Research indicates that anionic and cationic surfactants distribute differently on the protein surface, possibly due to variations in the filling degree of hydrophobic clefts by hydrophilic groups and alkyl chains. Therefore, a comprehensive consideration is necessary when selecting suitable surfactants to suppress aggregation. Additionally, amino acids and other organic compounds (e.g., arginine, polyarginine, L-proline, L-isoleucine, aromatic naphthoquinone-tryptophan hybrid molecules, vitamin K3, etc.) can serve as inhibitors to restrain protein aggregation.
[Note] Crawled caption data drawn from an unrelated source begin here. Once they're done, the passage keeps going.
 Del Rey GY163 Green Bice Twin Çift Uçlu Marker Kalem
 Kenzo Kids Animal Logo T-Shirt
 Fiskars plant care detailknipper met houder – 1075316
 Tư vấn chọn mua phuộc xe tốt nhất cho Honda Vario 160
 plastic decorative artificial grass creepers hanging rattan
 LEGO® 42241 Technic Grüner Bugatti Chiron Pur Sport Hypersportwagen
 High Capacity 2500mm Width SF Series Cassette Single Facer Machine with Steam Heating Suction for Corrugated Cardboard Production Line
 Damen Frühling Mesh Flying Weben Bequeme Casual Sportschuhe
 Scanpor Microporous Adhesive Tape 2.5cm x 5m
Frequently employed protein stabilizers primarily encompass surfactants that diminish surface aggregation of proteins, such as PS, alkyl glucosides, amino acid derivatives, and more. The mechanism of action for surfactants involves potentially reducing protein self-binding, adsorption, and interactions between proteins and other aggregating substances, thereby mitigating protein aggregation. Additionally, sugars, as another category of protein stabilizers, primarily function by enhancing conformational stability to reduce protein aggregation tendencies. Meanwhile, polyols, amino acids, polyamines, and similar substances have been confirmed to have an effect in diminishing protein aggregation.
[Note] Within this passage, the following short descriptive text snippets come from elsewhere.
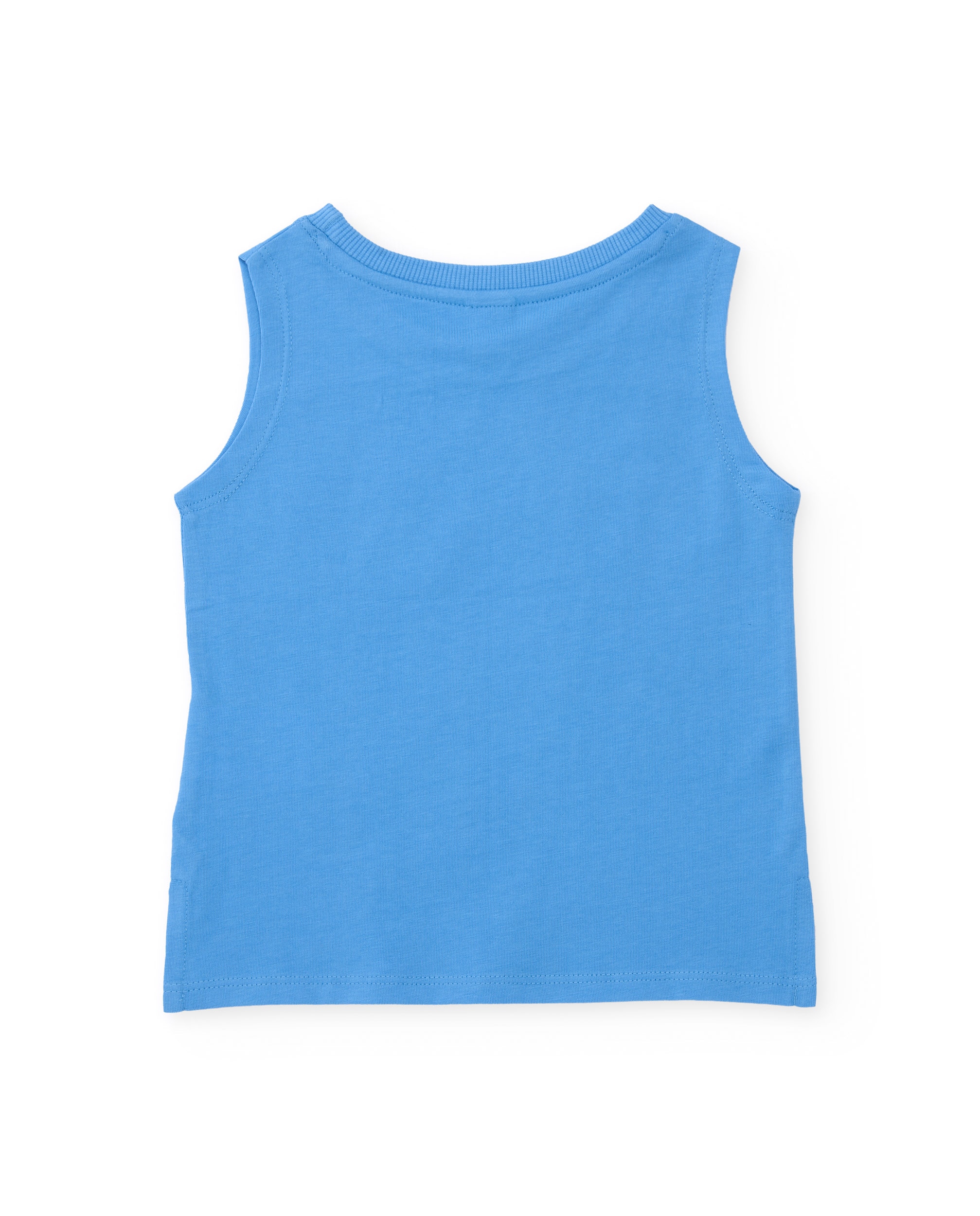 T-shirt Infantil de Malha com Alças Tuc tuc Azul-2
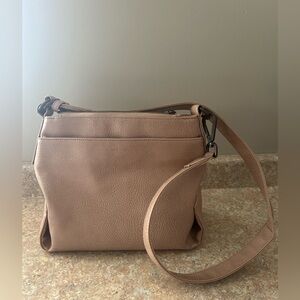 Matt&Nat Beige Crossbody Bag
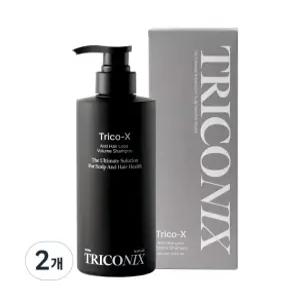 트리코닉스 트리코엑스 탈모완화 볼륨 샴푸 500ml 2개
Of particular note, arginine stands out as an effective protein stabilizing additive. Its efficacy lies in reducing the hydrophobicity of the protein surface through mechanisms such as electrostatic interactions, hydrophobic interactions, and cation-π interactions, thereby maintaining protein stability and minimizing aggregation phenomena.
Lyophilization
In the strategies for controlling protein aggregation, if effective management proves elusive through formulation adjustments, lyophilization emerges as a viable alternative. However, the lyophilization process itself may induce protein aggregation. Therefore, researching and optimizing the lyophilization process to minimize its inductive impact on protein aggregation is equally crucial.
Reference
- Tyedmers, J., Mogk, A. & Bukau, B. Cellular strategies for controlling protein aggregation. Nat Rev Mol Cell Biol 11, 777–788 (2010).